We add a backslash before the specified predefined character by defining and using the addslashes() function.
Double quote (")
Backslash ()
NULL
c
string Required. Specifies the string to be checked.
Tip: This function can be used for characters stored in the database. Prepare appropriate strings for strings and database query statements.
Output:
<ol class="dp-xml"> <li class="alt"><span><span class="tag"><span> ?php </span></span></span></li> <li> <span>$</span><span class="attribute">str</span><span> = </span><span class="attribute-value">"Who's John Adams?"</span><span>; </span> </li> <li class="alt"><span>echo $str . " This is not safe in a database query.</span></li> <li class="alt"><span class="tag"><span> </span><span class="tag-name">br</span><span> </span><span class="tag">/></span><span>"; </span></span></li> <li><span>echo addslashes($str) . " This is safe in a database query."; </span></li> <li class="alt"> <span class="tag">?></span><span> </span> </li> </ol>
Who's John Adams? This is safe in a database query.

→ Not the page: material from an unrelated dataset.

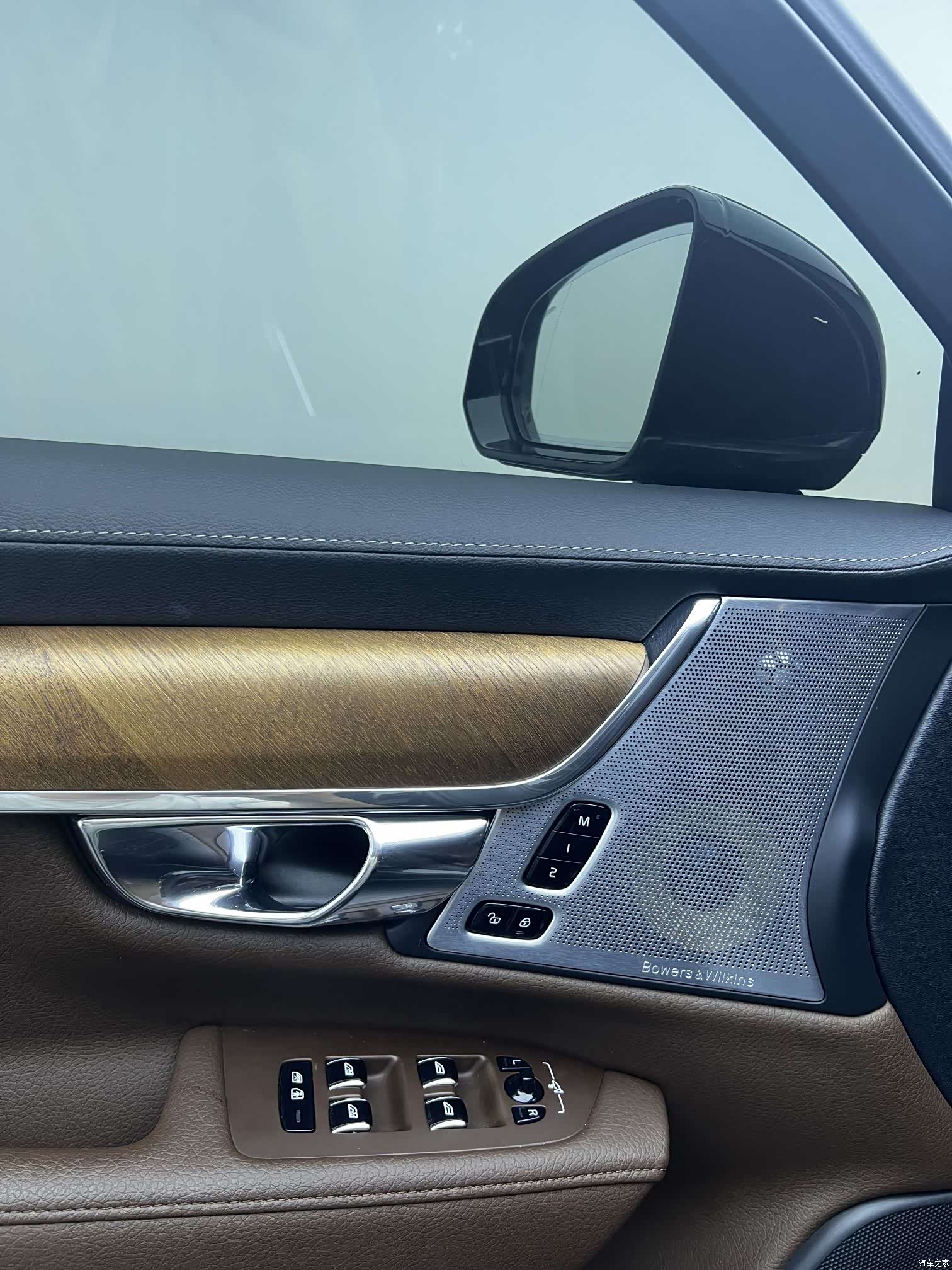 Volvo S90, 2019 все фото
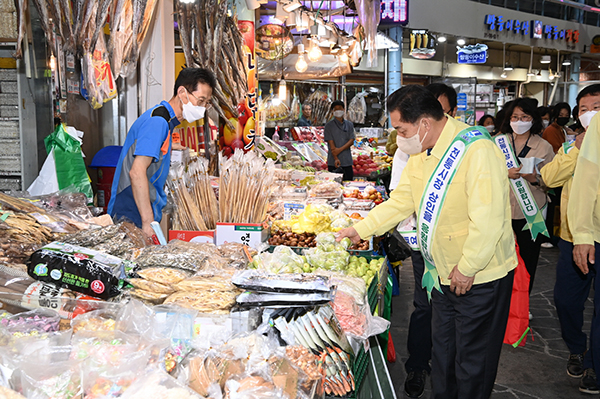 이재준 시장이 구매탄 시장을 찾아 소상공인을 격려했다.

An example of using addslashes() is when you want to enter data into the database. For example, this is required to insert the name O'reilly into the database. Escape it. Most databases use as escape character: O'reilly. This will put the data into the database without inserting extra. When the PHP directive magic_quotes_sybase is set to on, it means that when inserting ' Use ' for escaping.
By default, the PHP directive magic_quotes_gpc is on, which mainly automatically runs addslashes() on all GET, POST and COOKIE data. Do not escape characters that have been escaped by magic_quotes_gpc. Use addslashes() for strings, because this will cause double-level escaping. When encountering this situation, you can use the function get_magic_quotes_gpc() to detect it.